§ Work order
Going through the material below, output exactly the lines from the one containing "Hey everybody, this" through the one containing "From Skier level 2, get", and no pictures.

§ Records for this exercise
------------------------------------------------

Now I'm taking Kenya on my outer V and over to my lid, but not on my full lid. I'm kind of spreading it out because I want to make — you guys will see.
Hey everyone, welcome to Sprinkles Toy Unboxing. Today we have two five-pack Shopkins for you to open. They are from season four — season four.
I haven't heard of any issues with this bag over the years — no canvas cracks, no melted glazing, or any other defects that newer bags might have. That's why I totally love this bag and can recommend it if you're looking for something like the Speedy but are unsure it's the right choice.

------------------------------------------------

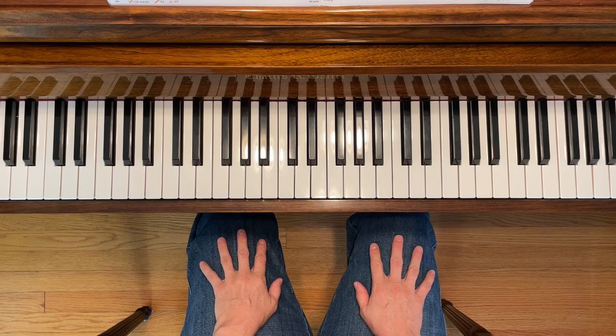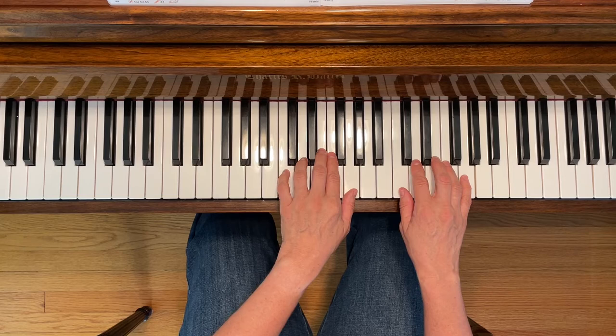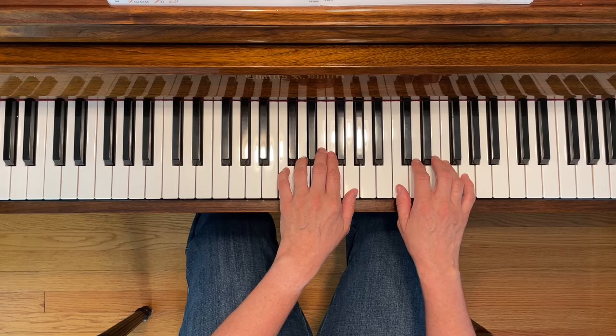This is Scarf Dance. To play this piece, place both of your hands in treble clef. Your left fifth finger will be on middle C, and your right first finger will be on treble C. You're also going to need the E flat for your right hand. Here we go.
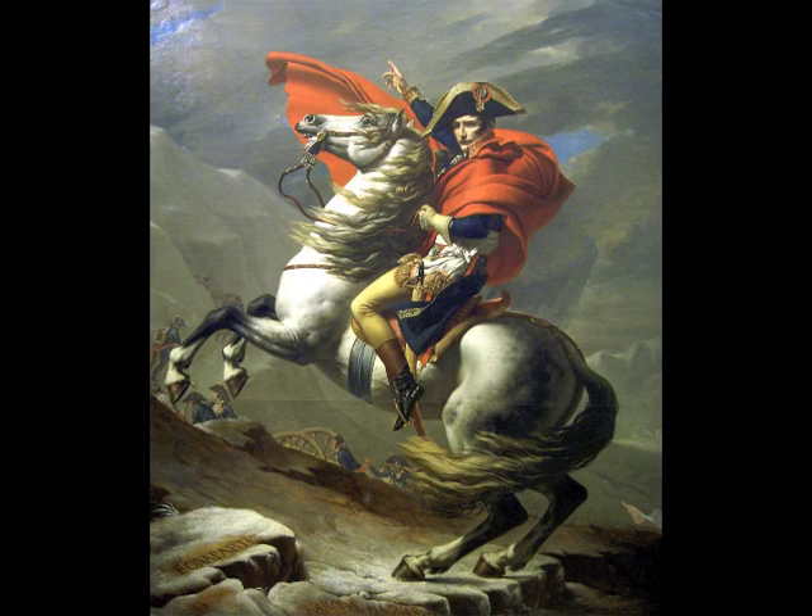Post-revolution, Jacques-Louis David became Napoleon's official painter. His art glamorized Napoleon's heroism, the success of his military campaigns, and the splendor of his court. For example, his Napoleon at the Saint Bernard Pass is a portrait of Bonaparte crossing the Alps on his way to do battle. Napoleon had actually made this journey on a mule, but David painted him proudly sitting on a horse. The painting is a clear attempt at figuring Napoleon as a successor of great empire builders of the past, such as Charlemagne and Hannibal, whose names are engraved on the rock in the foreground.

------------------------------------------------

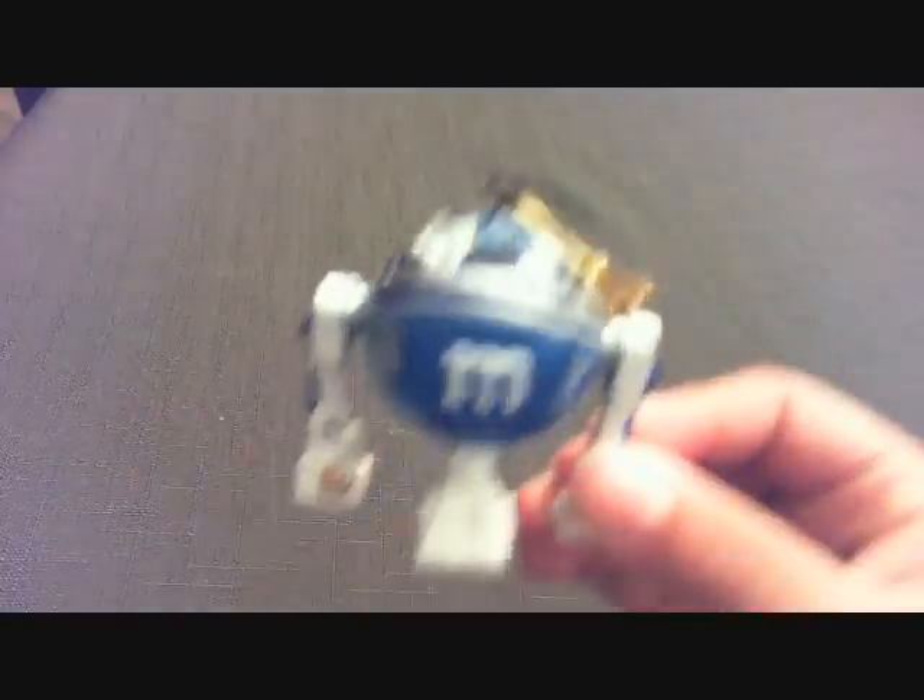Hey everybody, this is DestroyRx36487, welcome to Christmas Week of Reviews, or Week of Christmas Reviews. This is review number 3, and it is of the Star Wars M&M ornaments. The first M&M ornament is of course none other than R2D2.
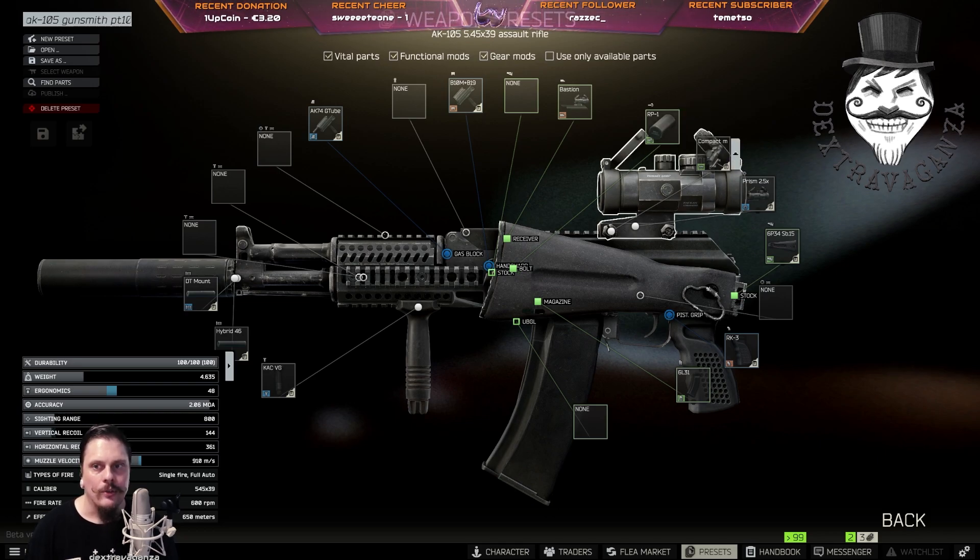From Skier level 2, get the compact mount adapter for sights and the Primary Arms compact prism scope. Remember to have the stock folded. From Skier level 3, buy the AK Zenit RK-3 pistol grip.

------------------------------------------------

§ Written answer
Hey everybody, this is DestroyRx36487, welcome to Christmas Week of Reviews, or Week of Christmas Reviews. This is review number 3, and it is of the Star Wars M&M ornaments. The first M&M ornament is of course none other than R2D2.
From Skier level 2, get the compact mount adapter for sights and the Primary Arms compact prism scope. Remember to have the stock folded. From Skier level 3, buy the AK Zenit RK-3 pistol grip.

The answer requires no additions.